┌──

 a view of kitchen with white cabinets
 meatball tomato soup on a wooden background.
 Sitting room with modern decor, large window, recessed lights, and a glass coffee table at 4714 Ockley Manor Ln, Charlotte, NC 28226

└──

● **ACTIVITY**
The complete listing above is to be output again exactly.

● **RESULT OF THE EXERCISE**
 a view of kitchen with white cabinets
 meatball tomato soup on a wooden background.
 Sitting room with modern decor, large window, recessed lights, and a glass coffee table at 4714 Ockley Manor Ln, Charlotte, NC 28226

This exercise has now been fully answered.